EXERCISE:
From the material below, copy exactly the lines beginning with the one that contains "MSSQL 과의 연동은.. 반드시!!" and ending with the one that contains "A Searing Page-Turner: Try"; the pictures stay out.

RECORD EXTRACTS:
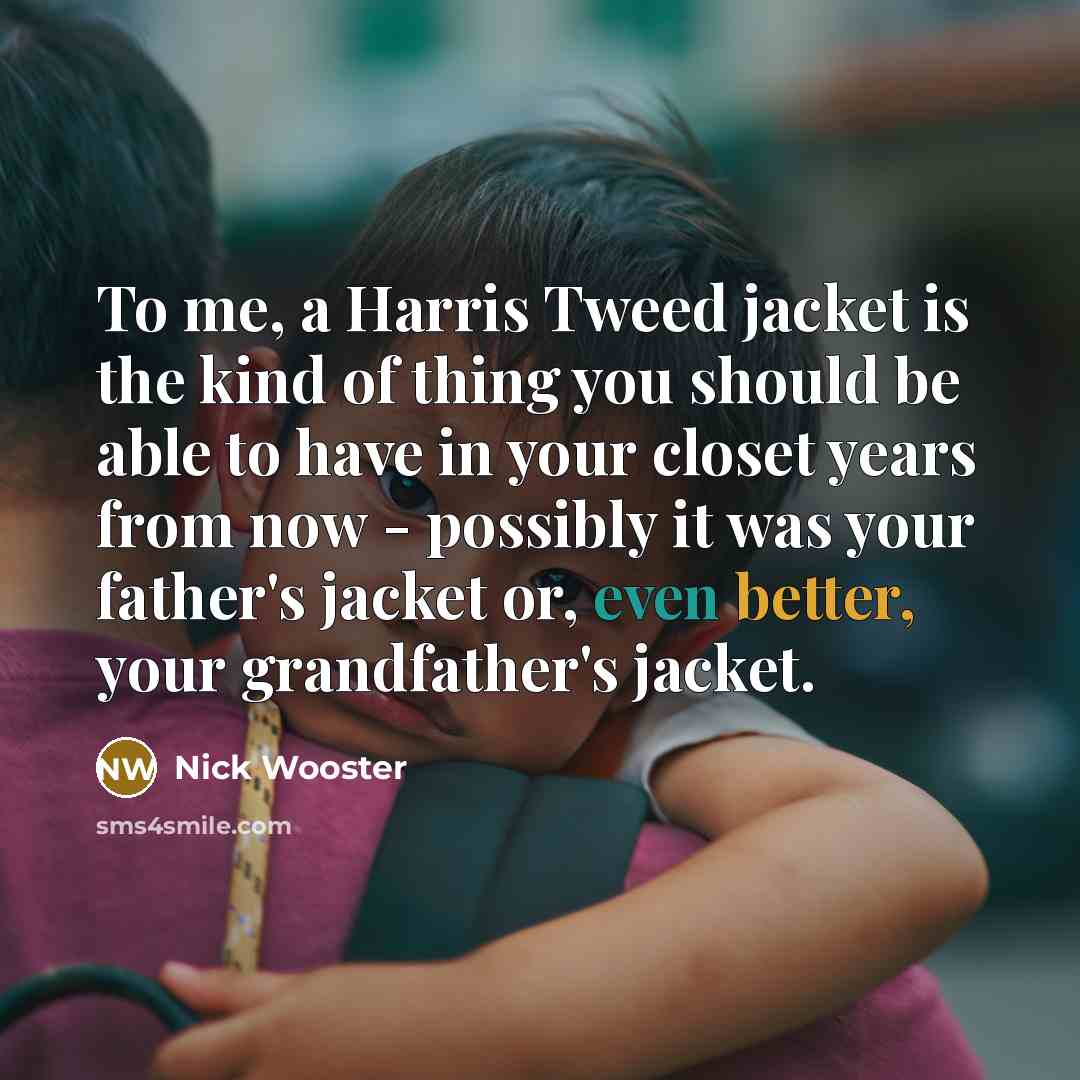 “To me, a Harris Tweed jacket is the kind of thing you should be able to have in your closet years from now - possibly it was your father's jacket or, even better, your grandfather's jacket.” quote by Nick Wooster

...

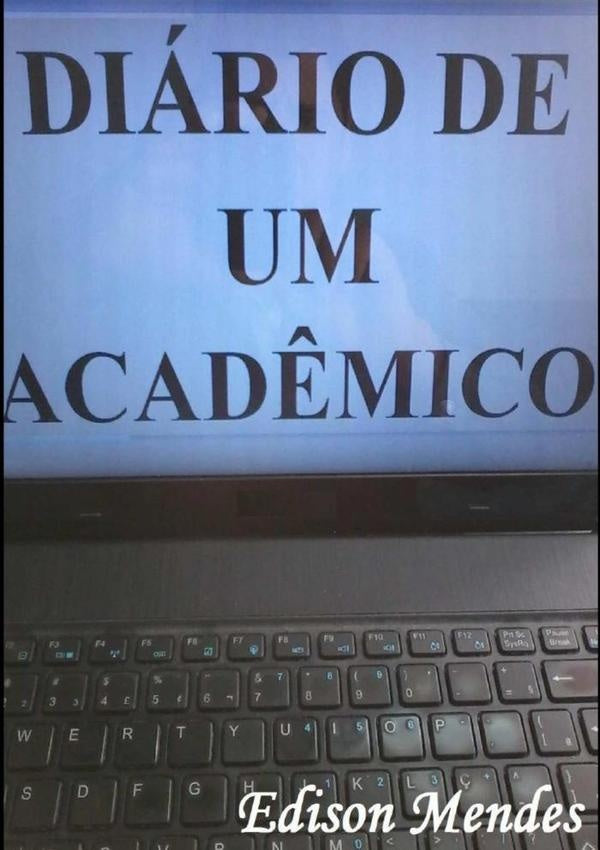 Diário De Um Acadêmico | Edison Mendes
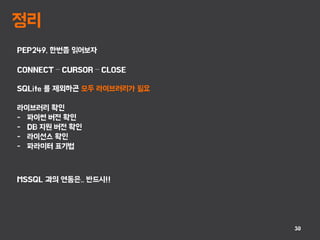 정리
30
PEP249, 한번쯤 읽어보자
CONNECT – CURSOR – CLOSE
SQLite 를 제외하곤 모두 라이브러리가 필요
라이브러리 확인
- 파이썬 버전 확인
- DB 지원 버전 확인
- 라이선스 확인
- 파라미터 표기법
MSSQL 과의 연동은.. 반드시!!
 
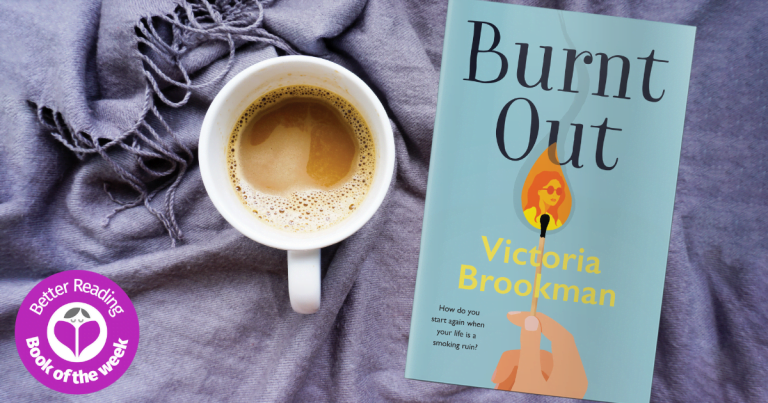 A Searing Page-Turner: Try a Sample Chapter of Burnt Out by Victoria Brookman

...

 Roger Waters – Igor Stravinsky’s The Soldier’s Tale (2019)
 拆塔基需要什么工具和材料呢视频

OUTPUT OF THE TASK:
MSSQL 과의 연동은.. 반드시!!
 
 A Searing Page-Turner: Try a Sample Chapter of Burnt Out by Victoria Brookman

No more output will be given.